It’s a children’s toy. It’s a miniature Borg ship. It’s a three-dimensional square. It’s the Power Mac G4 Cube. And because of the dark grotto in which Steve Jobs stows his own employees, that’s about all any Apple worker bee could tell me about it.
Only 8 inches square, it packs in a fast processor, some RAM, USB and FireWire ports, a big hard drive–everything you need.
Almost.
Because of its small size, Apple was truly forced to “think outside the box” yet again — precisely because there’s no room to put everything inside. The external power supply takes up about as much room as a 3-egg omelette, something Apple didn’t bother to publicize.
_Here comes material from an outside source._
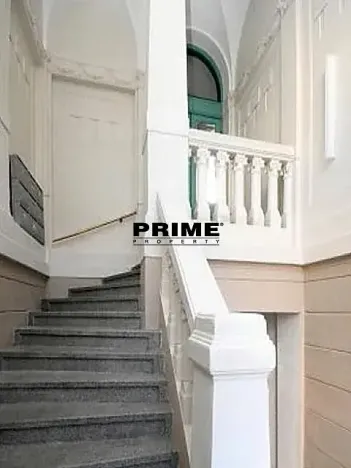 Pronájem bytu 3+1, Praha - Bubeneč, U akademie, 130 m2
Also completely external — and much more interesting — is the sound output.

The G4 Cube comes with a pair of crystal-clear, eyeball-shaped speakers created by Harman Kardon ( www.harman-multimedia.com ) and Apple. They belt out 20 fair-sounding watts of sonic force between the frequencies of 80Hz and 20KHz — all through the power of the Cube’s USB port. They are able to achieve this wattage from the USB bus because of the efficiency of the digital amplifier found in a box along the USB cable. The amp even has an analog headphone jack — great because the Cube itself has no I/O for speakers or microphones (other than via USB add-ons).
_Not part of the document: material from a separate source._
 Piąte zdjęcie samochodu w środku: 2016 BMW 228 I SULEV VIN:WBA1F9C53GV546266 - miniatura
So with no audio inputs and no PCI expandability, how can you get music into your Cube? If MIDI is your thing, you can of course use a USB MIDI Interface–but that doesn’t cover audio. Luckily, products such as the $248 RolandED UA-30 (and Opcode’s apparently discontinued DATport ) will allow you to take both analog signals via an RCA plug (from a CD player or a guitar, for example) and digital signals (from a DAT recorder, for example) from either S/PDIF (Sony/Philips Digital Interface Format) or optical connections, and pump it all into your G4 Cube over USB. Because of USB’s relatively slow transfer speed, however, (12 Mbps max) this limitation doesn’t make the Cube an optimal choice for audio professionals. They’d still be better off with a G4 desktop model that has PCI slots for installing a digital sound card or a PowerBook with PCMCIA card.
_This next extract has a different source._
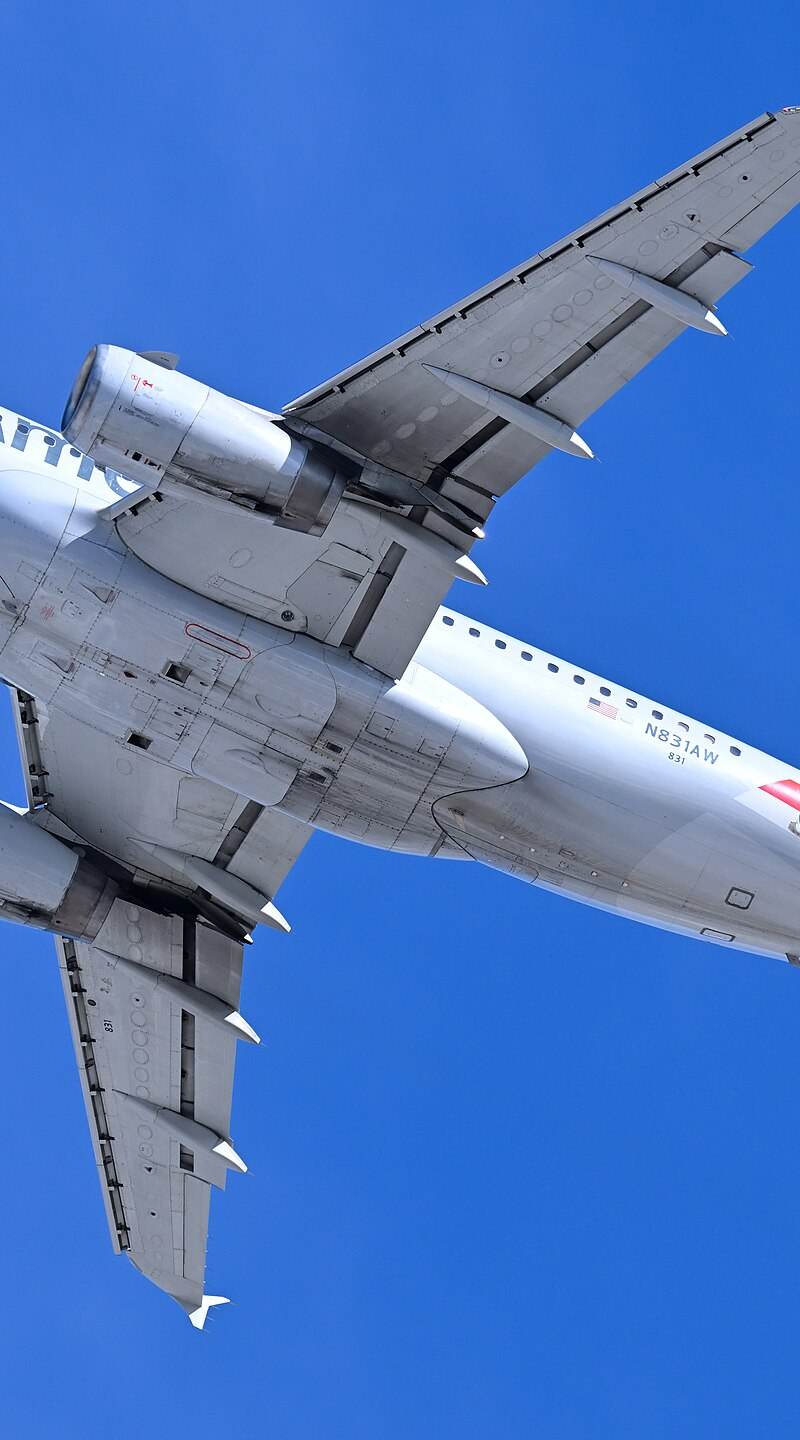 N831AW - Twin-engine aircraft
If the bundled speakers don’t muster up enough juice for you–i.e. you want better, richer sound — you may want to check out Harman’s new SoundSticks. Based on the original design of the iSub, the powered, 3-amplifier subwoofer doles out power to two 10-watt totem-like satellites, each with four 1-inch transducers for a total of 40 watts of sweet noise. Best of all, anyone with a USB-equipped Mac, OS 9.0.4, and $199 to spend can now take advantage of these cooly designed 44Hz to 20kHz speakers — the iSub itself only worked with the previous batch of iMacs.
It’s nice to see that the partnership between Harman and Apple, begun with the speakers built into the slot-loaded iMacs, is continuing. Sound is much too important to be left to a crappy single speaker.